[Saved entries]
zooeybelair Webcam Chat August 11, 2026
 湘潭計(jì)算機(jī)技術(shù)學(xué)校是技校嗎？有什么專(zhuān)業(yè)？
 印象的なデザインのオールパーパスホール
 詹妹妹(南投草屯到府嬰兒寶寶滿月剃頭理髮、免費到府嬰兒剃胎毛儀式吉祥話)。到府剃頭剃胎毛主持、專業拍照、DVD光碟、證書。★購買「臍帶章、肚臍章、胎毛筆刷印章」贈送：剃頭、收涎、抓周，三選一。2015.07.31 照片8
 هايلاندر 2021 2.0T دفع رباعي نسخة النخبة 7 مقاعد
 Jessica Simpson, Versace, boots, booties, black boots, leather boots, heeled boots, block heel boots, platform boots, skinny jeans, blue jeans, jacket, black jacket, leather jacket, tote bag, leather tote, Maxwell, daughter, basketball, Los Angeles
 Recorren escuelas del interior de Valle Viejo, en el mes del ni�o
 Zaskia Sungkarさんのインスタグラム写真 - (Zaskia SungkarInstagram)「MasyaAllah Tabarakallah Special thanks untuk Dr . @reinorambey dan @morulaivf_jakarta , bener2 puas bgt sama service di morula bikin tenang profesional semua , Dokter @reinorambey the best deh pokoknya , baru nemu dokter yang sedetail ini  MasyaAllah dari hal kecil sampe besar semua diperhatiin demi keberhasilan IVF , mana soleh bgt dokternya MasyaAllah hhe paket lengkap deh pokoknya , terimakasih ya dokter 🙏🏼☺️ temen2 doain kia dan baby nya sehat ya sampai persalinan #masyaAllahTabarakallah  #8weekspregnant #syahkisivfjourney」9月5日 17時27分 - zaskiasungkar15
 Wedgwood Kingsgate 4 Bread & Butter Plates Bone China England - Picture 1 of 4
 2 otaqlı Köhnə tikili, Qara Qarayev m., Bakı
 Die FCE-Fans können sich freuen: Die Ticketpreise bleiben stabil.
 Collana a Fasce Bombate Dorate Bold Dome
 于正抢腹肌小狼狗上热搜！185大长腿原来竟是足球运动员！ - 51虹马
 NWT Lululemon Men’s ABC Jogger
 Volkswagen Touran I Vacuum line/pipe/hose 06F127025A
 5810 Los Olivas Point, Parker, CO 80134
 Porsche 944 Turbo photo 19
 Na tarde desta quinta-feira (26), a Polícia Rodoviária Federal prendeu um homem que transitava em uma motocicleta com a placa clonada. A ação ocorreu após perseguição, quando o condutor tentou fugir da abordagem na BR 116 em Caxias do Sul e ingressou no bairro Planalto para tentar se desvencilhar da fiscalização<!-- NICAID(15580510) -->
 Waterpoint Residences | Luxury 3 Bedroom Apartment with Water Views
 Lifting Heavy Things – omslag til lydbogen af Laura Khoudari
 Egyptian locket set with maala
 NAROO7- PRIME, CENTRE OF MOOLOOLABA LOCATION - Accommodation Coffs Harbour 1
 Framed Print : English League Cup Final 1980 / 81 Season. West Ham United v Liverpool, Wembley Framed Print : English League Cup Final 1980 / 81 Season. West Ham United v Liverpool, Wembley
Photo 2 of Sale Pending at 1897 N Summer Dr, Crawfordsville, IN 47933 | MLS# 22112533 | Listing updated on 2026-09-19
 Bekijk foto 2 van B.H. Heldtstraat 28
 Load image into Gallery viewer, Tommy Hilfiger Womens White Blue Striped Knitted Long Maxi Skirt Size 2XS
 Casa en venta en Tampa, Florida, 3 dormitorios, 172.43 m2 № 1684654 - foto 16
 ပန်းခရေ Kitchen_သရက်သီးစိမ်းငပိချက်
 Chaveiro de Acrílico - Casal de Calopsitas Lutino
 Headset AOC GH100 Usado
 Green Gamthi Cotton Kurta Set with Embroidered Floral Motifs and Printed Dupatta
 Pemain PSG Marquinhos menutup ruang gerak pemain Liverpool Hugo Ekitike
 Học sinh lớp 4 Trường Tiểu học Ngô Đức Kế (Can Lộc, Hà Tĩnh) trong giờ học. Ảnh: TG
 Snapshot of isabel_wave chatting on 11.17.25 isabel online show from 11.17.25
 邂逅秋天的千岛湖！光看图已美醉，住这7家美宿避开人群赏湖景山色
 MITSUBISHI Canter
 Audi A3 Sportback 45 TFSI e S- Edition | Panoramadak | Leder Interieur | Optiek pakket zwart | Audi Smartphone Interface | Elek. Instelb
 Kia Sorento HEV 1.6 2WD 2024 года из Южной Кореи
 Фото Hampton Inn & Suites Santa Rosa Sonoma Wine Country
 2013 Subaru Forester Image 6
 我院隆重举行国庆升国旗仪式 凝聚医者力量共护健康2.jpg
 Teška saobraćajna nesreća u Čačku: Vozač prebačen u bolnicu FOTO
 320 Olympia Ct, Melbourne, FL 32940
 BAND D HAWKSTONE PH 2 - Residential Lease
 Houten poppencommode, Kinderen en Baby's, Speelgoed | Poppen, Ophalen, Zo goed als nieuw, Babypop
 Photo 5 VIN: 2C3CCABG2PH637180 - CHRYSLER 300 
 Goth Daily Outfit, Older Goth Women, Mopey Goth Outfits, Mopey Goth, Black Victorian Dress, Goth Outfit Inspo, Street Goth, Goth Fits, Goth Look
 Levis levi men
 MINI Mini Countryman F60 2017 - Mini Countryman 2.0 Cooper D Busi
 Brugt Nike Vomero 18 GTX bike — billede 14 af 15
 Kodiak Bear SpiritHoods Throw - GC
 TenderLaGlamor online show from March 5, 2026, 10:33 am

Task statement: The lines from the top of the data above down to the line containing "هايلاندر 2021 2.0T" are to be copied exactly; no other line should appear.

Your response:
zooeybelair Webcam Chat August 11, 2026
 湘潭計(jì)算機(jī)技術(shù)學(xué)校是技校嗎？有什么專(zhuān)業(yè)？
 印象的なデザインのオールパーパスホール
 詹妹妹(南投草屯到府嬰兒寶寶滿月剃頭理髮、免費到府嬰兒剃胎毛儀式吉祥話)。到府剃頭剃胎毛主持、專業拍照、DVD光碟、證書。★購買「臍帶章、肚臍章、胎毛筆刷印章」贈送：剃頭、收涎、抓周，三選一。2015.07.31 照片8
 هايلاندر 2021 2.0T دفع رباعي نسخة النخبة 7 مقاعد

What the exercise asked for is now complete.